**SOURCE INFORMATION**.
※

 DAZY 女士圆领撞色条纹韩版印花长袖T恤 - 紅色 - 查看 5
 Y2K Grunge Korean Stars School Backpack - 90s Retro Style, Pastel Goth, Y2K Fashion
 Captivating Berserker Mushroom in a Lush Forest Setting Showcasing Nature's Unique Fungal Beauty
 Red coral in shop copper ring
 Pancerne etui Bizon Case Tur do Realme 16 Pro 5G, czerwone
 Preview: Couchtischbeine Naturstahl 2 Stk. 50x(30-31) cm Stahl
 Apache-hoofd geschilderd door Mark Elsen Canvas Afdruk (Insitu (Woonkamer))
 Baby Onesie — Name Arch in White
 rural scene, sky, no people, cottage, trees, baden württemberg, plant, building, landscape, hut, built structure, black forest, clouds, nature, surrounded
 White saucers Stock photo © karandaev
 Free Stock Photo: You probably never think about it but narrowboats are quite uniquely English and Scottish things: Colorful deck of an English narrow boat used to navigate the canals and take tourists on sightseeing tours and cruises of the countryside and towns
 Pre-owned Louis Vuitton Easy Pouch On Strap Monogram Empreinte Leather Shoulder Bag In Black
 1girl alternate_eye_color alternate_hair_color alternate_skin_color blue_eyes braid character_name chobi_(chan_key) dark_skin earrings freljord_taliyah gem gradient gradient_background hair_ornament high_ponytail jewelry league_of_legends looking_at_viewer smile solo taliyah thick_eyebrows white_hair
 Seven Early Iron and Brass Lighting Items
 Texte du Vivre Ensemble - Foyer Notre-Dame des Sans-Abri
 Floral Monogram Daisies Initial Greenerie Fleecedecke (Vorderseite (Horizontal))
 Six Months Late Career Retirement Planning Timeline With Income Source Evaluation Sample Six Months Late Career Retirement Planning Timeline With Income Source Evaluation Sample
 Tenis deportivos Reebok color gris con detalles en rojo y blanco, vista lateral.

※

**WORK TASK**.
Your reply must consist solely of the count of lines in the listing above that hold the string "Stock".

**WRITTEN ANSWER**.
2